[Intel-gfx] [RFC 5/5] drm/i915: Per batch buffer VCS balancing

Oscar Mateo oscar.mateo at intel.com
Thu Nov 16 00:21:40 UTC 2017



On 11/13/2017 05:09 AM, Tvrtko Ursulin wrote:
> From: Tvrtko Ursulin <tvrtko.ursulin at intel.com>
>
> Building on top of the three previously introduced new pieces of uAPI,
> class/instance based engine selection, engine capabilities and concurrent
> contexts, we can extend the execbuf2 uAPI to allow per batch buffer load
> balancing on the VCS engines.
>
> Legacy execbuf, with contexts mark as concurrent, can now load balance
> between individual batches, instead of only statically per client.
>
> This also means two batches submitted one after another, but both to
> I915_EXEC_BSD, can potentially be running in parallel on VCS0 and VCS1
> respectively.
>
> For legacy (non-concurrent) contexts, behaviour is unchanged. VCS engine
> is assigned to each context at the time of first submission and it
> persists for the context lifetime.
>
> In both cases trivial round-robin approach is used to load balance.
>
> If execbuf requires a  a particular engine feature, like for example HEVC
> which is only available on vcs0, it needs to mark it's execbuf calls
> appropriately using the engine capabilities uAPI.
>
> For the class/instance based execbuf we add I915_EXEC_INSTANCE_ANY to
> accomplish the same behaviour.
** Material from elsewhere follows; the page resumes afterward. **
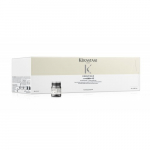 Cure Densifique'i programm juuste p&otilde;hiosa, kvaliteedi ja v&auml;limuse toetamiseks 42x6ml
This is only allowed to be used on
> concurrent contexts or an error will be returned.
>
> Signed-off-by: Tvrtko Ursulin <tvrtko.ursulin at intel.com>
> ---
>   drivers/gpu/drm/i915/i915_drv.h            |  7 +--
>   drivers/gpu/drm/i915/i915_gem.c            |  2 +-
>   drivers/gpu/drm/i915/i915_gem_context.c    |  2 +
>   drivers/gpu/drm/i915/i915_gem_context.h    |  2 +
>   drivers/gpu/drm/i915/i915_gem_execbuffer.c | 80 +++++++++++++++++++++++-------
>   include/uapi/drm/i915_drm.h                |  6 +++
>   6 files changed, 78 insertions(+), 21 deletions(-)
>
> diff --git a/drivers/gpu/drm/i915/i915_drv.h b/drivers/gpu/drm/i915/i915_drv.h
> index bf7216742452..9137127fad22 100644
> --- a/drivers/gpu/drm/i915/i915_drv.h
> +++ b/drivers/gpu/drm/i915/i915_drv.h
> @@ -1562,9 +1562,6 @@ struct i915_gem_mm {
>   
>   	u64 unordered_timeline;
>   
> -	/* the indicator for dispatch video commands on two BSD rings */
> -	atomic_t bsd_engine_dispatch_index;
> -
>   	/** Bit 6 swizzling required for X tiling */
>   	uint32_t bit_6_swizzle_x;
>   	/** Bit 6 swizzling required for Y tiling */
> @@ -2292,6 +2289,10 @@ struct drm_i915_private {
>   	struct i915_gem_context *preempt_context;
>   	struct intel_engine_cs *engine_class[MAX_ENGINE_CLASS + 1]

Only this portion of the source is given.